“We have had great success over the last seven years, but this does not save us from the danger of a new attack,” György Matolcsy began his remarks at the MNB press conference today. He added that “we are in a situation where these results are in danger; the virus is attacking Hungary, the government, the functioning of the state, and families.”
Discussing the five new economy protection programs launched by Prime Minister Viktor Orbán yesterday, the governor introduced a series of measures aimed at strengthening the financial system and getting Hungary back on track.
Matolcsy launched the restart of the Growth Loan Program (Növekedési Hitelprogram, or NHP) under the name of Go, NHP! (NHP Hajrá!), which will provide another HUF 1.0 trillion for SMEs.
The National Bank of Hungary is also making changes to its Growth Bond Program in which the MNB buys high-quality bonds issued by non-financial Hungarian corporations.

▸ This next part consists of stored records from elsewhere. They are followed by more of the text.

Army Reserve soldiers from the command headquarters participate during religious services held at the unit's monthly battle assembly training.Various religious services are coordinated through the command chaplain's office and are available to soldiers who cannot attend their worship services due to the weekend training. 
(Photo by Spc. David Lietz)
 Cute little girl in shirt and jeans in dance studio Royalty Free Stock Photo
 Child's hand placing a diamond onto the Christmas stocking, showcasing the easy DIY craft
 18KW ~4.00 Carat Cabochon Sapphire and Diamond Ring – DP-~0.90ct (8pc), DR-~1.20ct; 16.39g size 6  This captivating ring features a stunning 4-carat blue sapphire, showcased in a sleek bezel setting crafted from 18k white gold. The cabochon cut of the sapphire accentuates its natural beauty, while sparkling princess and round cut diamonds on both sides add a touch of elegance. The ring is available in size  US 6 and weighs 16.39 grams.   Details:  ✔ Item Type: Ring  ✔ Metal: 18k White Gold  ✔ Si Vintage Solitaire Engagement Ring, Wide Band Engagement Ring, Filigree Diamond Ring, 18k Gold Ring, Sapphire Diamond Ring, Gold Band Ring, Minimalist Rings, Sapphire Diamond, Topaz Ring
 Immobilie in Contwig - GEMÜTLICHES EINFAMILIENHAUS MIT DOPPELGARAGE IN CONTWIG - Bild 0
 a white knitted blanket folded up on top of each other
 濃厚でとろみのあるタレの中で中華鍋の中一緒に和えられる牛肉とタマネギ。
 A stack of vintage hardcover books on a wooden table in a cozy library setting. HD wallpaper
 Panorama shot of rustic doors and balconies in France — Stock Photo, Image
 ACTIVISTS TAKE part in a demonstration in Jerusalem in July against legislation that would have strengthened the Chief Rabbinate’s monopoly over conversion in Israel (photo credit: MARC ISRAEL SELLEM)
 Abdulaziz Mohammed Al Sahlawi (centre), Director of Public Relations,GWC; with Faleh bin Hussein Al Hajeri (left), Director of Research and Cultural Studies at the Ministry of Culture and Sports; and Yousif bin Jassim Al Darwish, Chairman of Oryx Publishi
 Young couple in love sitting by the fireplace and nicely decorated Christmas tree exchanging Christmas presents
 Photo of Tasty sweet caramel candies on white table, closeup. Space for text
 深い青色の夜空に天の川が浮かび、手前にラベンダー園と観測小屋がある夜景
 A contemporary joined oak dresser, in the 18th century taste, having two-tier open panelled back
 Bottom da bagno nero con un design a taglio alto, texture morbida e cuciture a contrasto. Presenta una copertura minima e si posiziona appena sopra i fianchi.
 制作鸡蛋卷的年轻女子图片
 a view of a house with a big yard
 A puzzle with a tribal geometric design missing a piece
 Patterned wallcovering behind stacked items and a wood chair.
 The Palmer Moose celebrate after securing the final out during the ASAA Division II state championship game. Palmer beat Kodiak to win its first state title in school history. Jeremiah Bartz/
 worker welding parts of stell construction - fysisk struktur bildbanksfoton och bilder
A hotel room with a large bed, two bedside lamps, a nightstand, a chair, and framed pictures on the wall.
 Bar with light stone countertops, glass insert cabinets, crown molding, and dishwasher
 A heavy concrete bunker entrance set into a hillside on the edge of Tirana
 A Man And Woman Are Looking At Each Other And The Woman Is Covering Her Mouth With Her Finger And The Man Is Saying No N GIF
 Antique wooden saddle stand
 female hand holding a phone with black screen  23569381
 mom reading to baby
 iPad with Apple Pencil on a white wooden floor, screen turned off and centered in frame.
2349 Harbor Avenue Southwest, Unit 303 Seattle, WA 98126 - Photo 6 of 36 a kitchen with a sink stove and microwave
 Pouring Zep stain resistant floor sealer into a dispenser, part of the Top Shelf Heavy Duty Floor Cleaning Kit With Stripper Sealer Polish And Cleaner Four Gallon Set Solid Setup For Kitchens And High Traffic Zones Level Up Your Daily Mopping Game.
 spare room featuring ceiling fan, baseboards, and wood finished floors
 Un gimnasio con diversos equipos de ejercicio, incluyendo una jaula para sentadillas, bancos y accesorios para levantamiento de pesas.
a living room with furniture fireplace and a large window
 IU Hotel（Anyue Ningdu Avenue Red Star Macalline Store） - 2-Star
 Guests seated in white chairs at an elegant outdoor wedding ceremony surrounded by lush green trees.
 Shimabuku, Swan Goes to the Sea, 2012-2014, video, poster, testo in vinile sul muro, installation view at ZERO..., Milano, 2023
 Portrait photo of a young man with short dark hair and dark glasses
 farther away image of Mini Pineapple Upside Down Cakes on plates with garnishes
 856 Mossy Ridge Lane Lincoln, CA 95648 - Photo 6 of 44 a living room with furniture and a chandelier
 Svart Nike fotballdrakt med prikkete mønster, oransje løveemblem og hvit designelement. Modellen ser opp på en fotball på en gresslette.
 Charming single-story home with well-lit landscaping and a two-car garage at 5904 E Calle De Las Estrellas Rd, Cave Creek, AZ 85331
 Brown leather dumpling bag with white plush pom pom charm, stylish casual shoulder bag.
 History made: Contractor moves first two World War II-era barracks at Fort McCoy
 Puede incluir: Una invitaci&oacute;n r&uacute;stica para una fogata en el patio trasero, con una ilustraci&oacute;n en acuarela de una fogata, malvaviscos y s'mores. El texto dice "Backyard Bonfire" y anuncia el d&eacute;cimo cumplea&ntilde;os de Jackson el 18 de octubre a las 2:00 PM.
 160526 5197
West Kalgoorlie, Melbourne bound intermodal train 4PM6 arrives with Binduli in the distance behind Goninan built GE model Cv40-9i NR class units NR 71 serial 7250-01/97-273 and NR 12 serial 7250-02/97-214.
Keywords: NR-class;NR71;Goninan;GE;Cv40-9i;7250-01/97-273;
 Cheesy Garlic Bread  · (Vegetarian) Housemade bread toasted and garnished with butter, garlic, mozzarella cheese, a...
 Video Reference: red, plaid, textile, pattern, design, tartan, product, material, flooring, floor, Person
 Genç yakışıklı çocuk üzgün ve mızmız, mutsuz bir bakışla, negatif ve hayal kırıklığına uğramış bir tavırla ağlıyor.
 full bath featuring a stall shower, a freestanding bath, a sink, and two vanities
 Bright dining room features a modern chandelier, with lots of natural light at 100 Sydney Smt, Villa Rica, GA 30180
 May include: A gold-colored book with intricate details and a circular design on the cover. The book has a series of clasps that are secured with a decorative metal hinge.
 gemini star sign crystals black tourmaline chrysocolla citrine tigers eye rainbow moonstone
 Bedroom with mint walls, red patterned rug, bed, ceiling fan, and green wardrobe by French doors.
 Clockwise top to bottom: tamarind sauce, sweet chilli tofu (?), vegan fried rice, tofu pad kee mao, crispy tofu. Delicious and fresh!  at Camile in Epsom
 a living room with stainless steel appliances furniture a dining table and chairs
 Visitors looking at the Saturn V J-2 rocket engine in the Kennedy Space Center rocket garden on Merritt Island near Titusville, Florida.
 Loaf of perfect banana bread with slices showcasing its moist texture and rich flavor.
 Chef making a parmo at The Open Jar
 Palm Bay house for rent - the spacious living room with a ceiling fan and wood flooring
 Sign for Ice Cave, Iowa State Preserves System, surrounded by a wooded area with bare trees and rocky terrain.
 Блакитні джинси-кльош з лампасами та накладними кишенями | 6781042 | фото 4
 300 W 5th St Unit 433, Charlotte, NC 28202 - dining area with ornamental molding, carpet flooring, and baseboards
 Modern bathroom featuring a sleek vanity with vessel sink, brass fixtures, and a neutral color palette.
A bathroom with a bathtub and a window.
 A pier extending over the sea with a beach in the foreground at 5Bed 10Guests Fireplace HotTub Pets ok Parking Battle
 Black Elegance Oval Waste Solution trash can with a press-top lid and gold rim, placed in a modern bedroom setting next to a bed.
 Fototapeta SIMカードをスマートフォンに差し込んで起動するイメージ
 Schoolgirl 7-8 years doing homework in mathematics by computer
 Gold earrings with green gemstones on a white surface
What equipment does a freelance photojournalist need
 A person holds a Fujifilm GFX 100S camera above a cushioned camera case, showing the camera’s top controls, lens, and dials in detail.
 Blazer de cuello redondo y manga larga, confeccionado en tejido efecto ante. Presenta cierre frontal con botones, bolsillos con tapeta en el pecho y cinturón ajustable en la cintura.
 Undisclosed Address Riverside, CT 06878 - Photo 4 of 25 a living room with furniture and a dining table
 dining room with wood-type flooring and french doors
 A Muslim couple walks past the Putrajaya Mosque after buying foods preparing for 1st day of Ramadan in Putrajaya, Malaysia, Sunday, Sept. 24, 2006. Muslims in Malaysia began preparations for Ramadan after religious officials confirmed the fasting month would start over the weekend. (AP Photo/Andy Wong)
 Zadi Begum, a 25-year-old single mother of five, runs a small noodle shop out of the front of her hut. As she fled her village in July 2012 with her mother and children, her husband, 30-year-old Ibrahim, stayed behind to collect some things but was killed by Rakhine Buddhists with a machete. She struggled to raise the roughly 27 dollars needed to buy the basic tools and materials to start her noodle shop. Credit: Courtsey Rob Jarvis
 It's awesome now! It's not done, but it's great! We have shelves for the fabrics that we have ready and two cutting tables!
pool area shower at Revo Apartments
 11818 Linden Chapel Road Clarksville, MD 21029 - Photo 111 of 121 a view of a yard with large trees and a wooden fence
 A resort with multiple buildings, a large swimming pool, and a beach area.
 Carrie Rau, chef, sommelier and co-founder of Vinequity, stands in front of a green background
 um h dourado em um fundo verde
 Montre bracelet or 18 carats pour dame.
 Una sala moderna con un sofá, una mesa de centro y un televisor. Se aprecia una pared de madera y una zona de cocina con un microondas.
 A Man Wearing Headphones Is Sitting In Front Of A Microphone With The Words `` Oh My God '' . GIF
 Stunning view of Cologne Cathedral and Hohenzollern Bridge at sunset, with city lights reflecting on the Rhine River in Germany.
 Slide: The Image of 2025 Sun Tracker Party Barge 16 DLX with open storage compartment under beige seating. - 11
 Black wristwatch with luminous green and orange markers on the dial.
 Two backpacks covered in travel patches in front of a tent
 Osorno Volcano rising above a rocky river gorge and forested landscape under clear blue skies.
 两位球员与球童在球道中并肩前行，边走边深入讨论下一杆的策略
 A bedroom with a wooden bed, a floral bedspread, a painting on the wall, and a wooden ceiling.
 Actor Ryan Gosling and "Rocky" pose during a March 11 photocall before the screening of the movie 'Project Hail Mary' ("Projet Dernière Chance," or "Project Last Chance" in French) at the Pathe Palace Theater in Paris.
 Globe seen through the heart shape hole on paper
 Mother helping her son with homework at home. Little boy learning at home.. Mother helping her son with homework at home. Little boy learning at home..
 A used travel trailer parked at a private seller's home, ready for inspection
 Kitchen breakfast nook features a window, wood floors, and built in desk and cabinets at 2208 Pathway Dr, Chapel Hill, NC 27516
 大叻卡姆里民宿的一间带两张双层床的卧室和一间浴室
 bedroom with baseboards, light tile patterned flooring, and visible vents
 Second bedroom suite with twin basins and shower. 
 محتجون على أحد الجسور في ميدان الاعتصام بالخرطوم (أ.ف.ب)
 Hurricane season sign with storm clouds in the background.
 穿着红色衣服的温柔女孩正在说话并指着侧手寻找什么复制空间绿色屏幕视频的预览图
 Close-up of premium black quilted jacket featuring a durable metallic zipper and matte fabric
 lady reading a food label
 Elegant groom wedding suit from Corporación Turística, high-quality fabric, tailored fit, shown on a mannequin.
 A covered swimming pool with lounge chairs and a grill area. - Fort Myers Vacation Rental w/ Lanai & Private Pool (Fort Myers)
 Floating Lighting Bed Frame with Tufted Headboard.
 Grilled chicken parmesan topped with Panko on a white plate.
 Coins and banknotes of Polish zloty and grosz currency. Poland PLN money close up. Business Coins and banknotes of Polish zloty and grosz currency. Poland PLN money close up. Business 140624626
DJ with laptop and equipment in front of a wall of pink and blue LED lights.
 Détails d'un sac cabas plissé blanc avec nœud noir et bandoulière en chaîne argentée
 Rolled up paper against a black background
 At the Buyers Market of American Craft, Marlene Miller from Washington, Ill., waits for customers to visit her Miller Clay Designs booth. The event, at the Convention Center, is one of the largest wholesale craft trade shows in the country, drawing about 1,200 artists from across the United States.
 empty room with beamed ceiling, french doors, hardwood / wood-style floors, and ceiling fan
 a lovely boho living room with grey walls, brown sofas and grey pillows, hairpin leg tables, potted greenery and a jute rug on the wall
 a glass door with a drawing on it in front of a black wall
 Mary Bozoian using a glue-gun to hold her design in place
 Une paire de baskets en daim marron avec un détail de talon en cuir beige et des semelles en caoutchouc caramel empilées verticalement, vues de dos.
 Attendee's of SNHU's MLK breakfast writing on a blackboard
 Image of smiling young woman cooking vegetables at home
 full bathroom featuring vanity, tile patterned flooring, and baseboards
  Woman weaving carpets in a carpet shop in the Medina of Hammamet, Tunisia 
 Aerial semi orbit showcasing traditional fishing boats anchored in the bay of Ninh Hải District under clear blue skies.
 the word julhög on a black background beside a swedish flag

In the future, the term of these bonds will be 20 years instead of 10, and MNB's participation per issue can be up to HUF 50 billion instead of HUF 20 billion.
Matolcsy also added that “the MNB is paying a dividend of HUF 250 billion to the budget, mainly due to a profit of HUF 137 billion achieved on its gold reserves.”
The Monetary Council today also confirmed its decision to reduce banks' required reserves to zero, freeing up HUF 250 billion in liquidity.
Finally, Governor Matolcsy announced that “the liquidity of the banking system has been improved by HUF 1.5 trillion, primarily in an attempt to support government bond issues.”
“In total, the Monetary Council has provided HUF 3.0 trillion in new resources to the economy, which is 6 percent of this year's expected GDP,” Matolcsy concluded.